HARRISBURG - July 1, 2012

There were defeats for the governor too, though his fellow Republicans who control the Legislature tried to squeeze out as many victories for Corbett as they could in the waning moments of the fiscal year. Minority Democrats staunchly opposed elements of the budget as well.

Corbett won approval from the Legislature for two different tax credits: one designed to seal the deal for the construction of a massive new petrochemical refinery and another designed to advance his agenda to open up taxpayer-financed alternatives to public schools.

He also cemented an overhaul of how public school teachers' classroom performance will be evaluated, and he eased his former chief of staff and longtime friend, Bill Ward, into his dream job of being a judge.

Still, Corbett failed in a last-ditch attempt to win support for provisions to smooth the road to opening up more privately run, taxpayer-funded charter schools.

Signing the budget before midnight let Corbett keep his pledge for the second year in a row to sign an on-time budget.

"Hopefully we're developing a habit," he said after a signing ceremony in the Capitol Rotunda.

The budget plan for the 2012-13 fiscal year that began Sunday authorizes a spending increase of about 1.5 percent, largely for debt, pensions and health care for the poor, as well as to help fill a shortfall in the almost-finished fiscal year.

Meanwhile, it is projected to accumulate around $350 million to $400 million into reserves while cutting businesses' taxes by hundreds of millions of dollars and slashing hundreds of millions of dollars from services for the poor, homeless, troubled and disabled.

Aid for public schools and universities will remain flat - a handful of public schools nearing financial collapse will see a little extra money - after absorbing more than $1 billion in cuts in the current fiscal year.

It was those cuts in aid and the memory of deep education cuts in the past 12 months that most rankled Democrats at a time when Corbett pushed for tax breaks for a subsidiary of Netherlands-based oil and gas giant Royal Dutch Shell PLC.

Rep.

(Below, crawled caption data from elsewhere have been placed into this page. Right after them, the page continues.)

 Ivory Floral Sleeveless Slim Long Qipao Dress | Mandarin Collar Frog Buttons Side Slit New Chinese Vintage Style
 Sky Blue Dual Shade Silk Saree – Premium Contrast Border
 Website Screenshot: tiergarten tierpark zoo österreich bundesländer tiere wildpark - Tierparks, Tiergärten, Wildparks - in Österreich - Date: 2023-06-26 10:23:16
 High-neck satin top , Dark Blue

Rick Mirabito, D-Lycoming, suggested that Shell's CEO, Peter Voser, and his company should sacrifice in the same way that Corbett has asked people in Pennsylvania to do by cutting aid for the poor, social services and schools.

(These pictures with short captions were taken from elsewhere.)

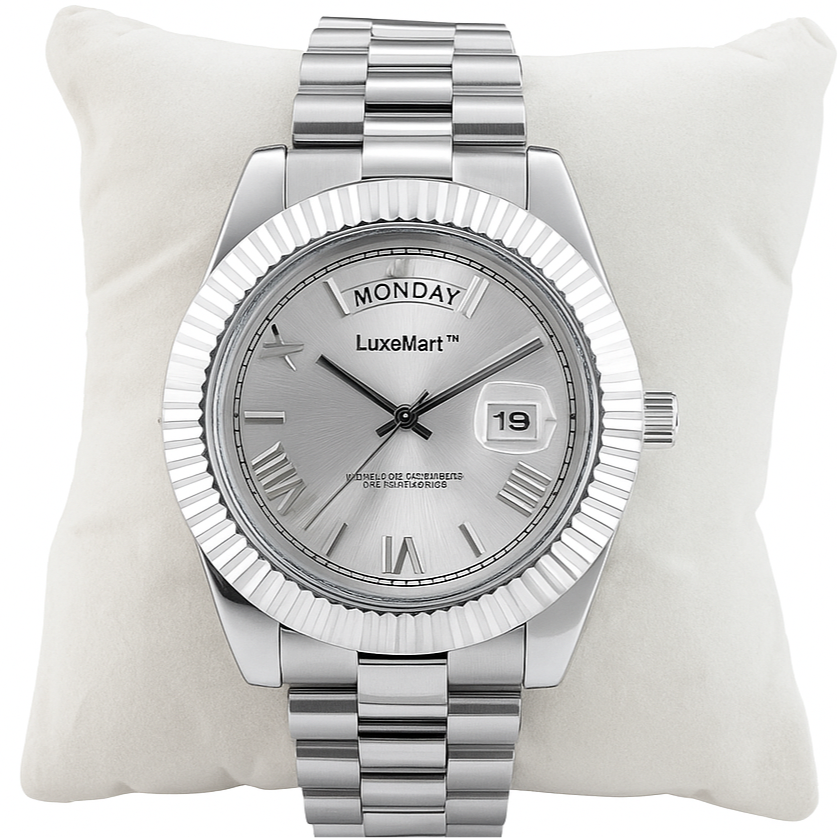 Reloj de Lujo LuxeMart™ – Esfera Plateada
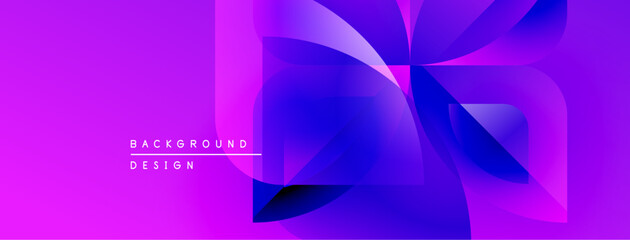 Aufkleber - Vibrant purple background design. Abstract shapes overlap, creating dynamic visual effect. Modern, fluid composition.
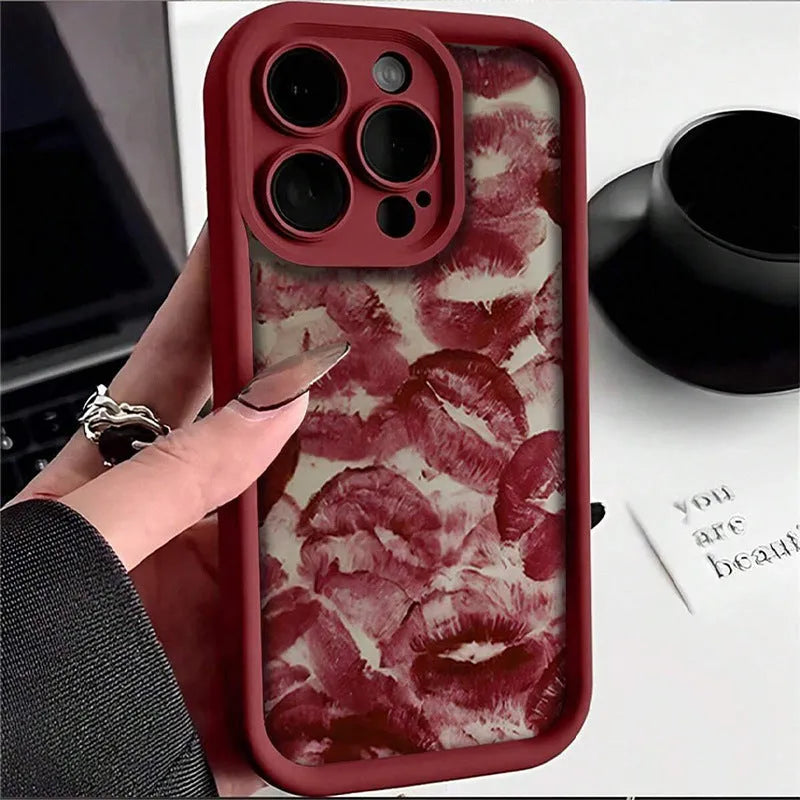 Red lip print TPU phone case for Apple iPhone, wine red, all-inclusive drop-resistant cover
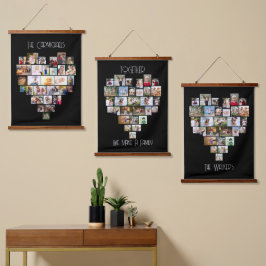 Samen Familienaam Heart Shape 87 Foto Collage Hangend Wandkleed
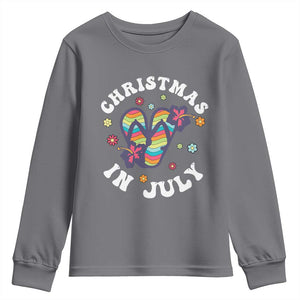 Christmas In July Summer Beach Youth Sweatshirt Hawaii Flip Flops Hibiscus TS10 Charcoal Print Your Wear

"You should do what all of us are doing in Pennsylvania. You should learn to live with less," Mirabito said. "Learn to live on $15.2 million a year without getting any tax breaks from us in Pennsylvania."

A proposed $50 million tax credit approved Saturday night is designed to help low-income students transfer out of the state's worst schools - a condition that was an integral part of a conventional school voucher proposal that stalled in the Legislature despite Corbett's support.

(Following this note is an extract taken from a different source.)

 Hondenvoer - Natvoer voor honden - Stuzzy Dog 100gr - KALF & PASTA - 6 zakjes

The credit is being incorporated in the existing Educational Improvement Tax Credit program, whose 2012-13 appropriation also would be increased to $100 million from this year's $75 million.

That 11-year-old program rewards businesses that contribute money, property or services to nonprofit groups that provide scholarships to students from low- and middle-income families who transfer to private schools or public schools outside their home districts.

Much of Saturday was devoted to trying to iron out disagreements between the House and Senate over charter schools.

In the end, the chambers traded competing education bills without the key provisions Corbett sought: putting the decision to create a charter school in the hands of an appointed state board, rather than locally elected school boards, and stripping the ability of parents and teachers to prevent the conversion of a public school building into a charter school.

Both bills stalled, possibly until fall, despite having some similar provisions.

Supporters of each bill said they were designed to strengthen state oversight of charter schools, overhaul the way the state distributes special education aid and seek recommendations to address longstanding public school board complaints over the amount of taxpayer money charter schools receive.